Problem details: Starting with the line that contains "4 personnes entrant" and stopping after the line that contains "Une assiette de", return each line below exactly as written, with no others.

Extracted material:
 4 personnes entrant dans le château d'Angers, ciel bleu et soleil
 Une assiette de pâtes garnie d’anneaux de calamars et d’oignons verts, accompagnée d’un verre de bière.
* * *
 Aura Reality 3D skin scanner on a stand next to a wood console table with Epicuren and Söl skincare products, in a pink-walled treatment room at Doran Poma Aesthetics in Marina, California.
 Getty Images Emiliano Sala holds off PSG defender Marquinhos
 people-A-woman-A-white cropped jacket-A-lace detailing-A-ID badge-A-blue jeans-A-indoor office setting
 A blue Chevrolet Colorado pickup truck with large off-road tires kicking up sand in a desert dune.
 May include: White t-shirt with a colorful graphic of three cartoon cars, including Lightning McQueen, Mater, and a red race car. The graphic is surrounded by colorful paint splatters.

Result:
 4 personnes entrant dans le château d'Angers, ciel bleu et soleil
 Une assiette de pâtes garnie d’anneaux de calamars et d’oignons verts, accompagnée d’un verre de bière.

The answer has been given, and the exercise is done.